Panel Paper: Does College Education Make People Politically Liberal?

Saturday, November 4, 2017
Water Tower (Hyatt Regency Chicago)

*Names in bold indicate Presenter

Haeil Jung, Korea University and Jung-ah Gil, Seoul National University


We examine the impact of a massive expansion of opportunities to attend college known as the graduation quota program on men’s political preference (being liberal or conservative) in South Korea. A 1979 military coup in South Korea mandated that all public and private colleges expand their college admission quotas by thirty percent in 1981 and fifty percent in 1982. These mandatory expansions lasted until 1985. It is interesting to note that the mandatory increases in these quotas happened quickly in a short timeframe and were not accompanied by additional funding to expand staffing or facilities at universities and colleges.
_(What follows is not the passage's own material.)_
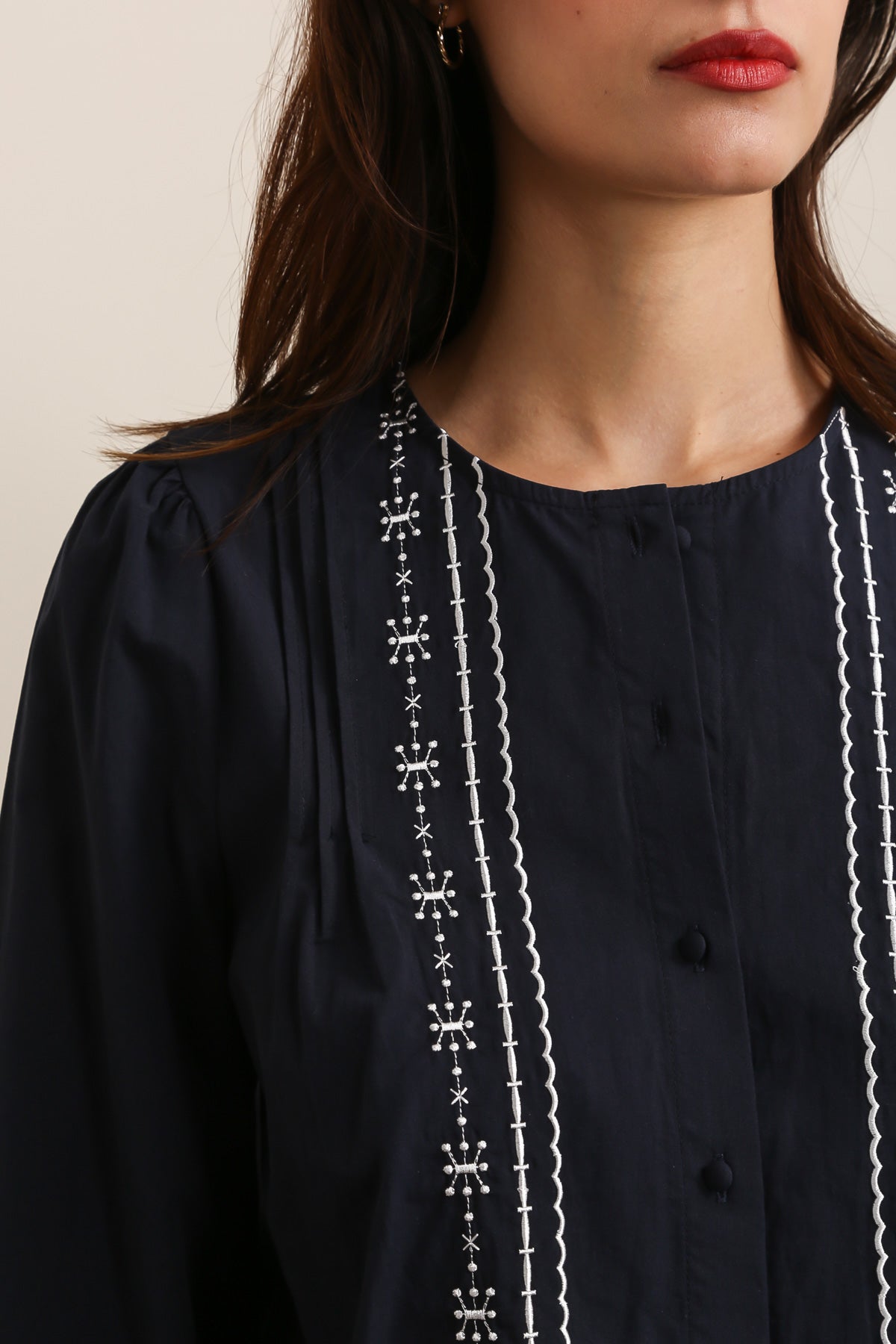 31893 Blouse brodée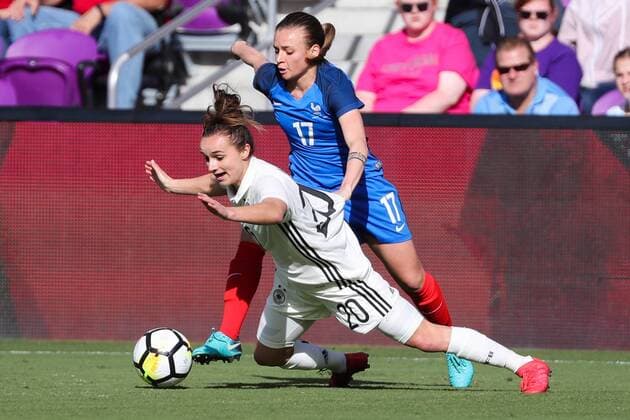 Bilder des Tages - SPORT ORLANDO, FL - MARCH 07: Germany midfielder Lina Magull (20) is tripped up by France defender Marion Torrent (17) during the SheBelieves Cup soccer match between Germany and France on March 7, 2018 at Orlando City Stadium in Orlando FL. (Photo by Joe Petro Icon Sportswire) SOCCER: MAR 07 SheBelieves Cup - Germany v France Icon20180307201 EDITORIAL USE ONLY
We examine the political preference of birth cohorts of South Korean men who pre-dated the graduation quota program and compare them to birth cohorts of men who were directly impacted by the program. We use the birth cohorts that were exposed to this abrupt, exogenous policy change as an instrumental variable to identify the longer-term effects of college education on political preference. We find that the enrollment expansion caused those individuals who were induced to attend to college by the expanded graduation quota program to be more politically liberal. Our local average treatment effect estimates using the birth cohort IV are larger than the biased OLS estimates. This paper provides direct relevance for other developing countries that exert substantial control over their systems of higher education.